Crawled caption data:

-*-*-

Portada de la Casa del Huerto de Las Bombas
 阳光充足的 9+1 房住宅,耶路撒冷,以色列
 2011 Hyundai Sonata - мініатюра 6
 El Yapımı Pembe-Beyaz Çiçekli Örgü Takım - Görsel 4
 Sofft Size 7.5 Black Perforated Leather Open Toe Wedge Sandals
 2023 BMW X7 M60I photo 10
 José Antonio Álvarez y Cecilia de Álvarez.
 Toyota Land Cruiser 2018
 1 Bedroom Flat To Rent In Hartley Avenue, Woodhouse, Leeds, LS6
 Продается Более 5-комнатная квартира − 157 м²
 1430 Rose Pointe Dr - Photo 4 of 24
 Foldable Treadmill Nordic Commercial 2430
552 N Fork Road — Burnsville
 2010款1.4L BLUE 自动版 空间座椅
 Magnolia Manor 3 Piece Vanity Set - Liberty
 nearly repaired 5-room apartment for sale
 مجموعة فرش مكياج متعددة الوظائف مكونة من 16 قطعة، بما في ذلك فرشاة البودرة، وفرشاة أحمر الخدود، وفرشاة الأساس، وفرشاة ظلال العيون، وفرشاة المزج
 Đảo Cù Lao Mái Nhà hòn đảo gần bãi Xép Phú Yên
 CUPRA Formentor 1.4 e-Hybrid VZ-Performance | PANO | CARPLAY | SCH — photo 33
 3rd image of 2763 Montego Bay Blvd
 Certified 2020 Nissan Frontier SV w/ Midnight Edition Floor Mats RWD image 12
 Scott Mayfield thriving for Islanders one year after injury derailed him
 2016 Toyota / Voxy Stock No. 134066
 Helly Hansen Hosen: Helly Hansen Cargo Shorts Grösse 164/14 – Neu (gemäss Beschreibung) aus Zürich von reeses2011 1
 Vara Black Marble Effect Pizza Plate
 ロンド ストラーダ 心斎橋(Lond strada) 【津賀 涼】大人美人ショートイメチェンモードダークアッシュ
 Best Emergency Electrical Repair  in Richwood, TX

-*-*-

#### [Problem to solve]
Above are some records; copy exactly the lines from the one with "1 Bedroom Flat" through the one with "nearly repaired 5-room apartment for sale", both included, and no others.

#### [Task solution]
 1 Bedroom Flat To Rent In Hartley Avenue, Woodhouse, Leeds, LS6
 Продается Более 5-комнатная квартира − 157 м²
 1430 Rose Pointe Dr - Photo 4 of 24
 Foldable Treadmill Nordic Commercial 2430
552 N Fork Road — Burnsville
 2010款1.4L BLUE 自动版 空间座椅
 Magnolia Manor 3 Piece Vanity Set - Liberty
 nearly repaired 5-room apartment for sale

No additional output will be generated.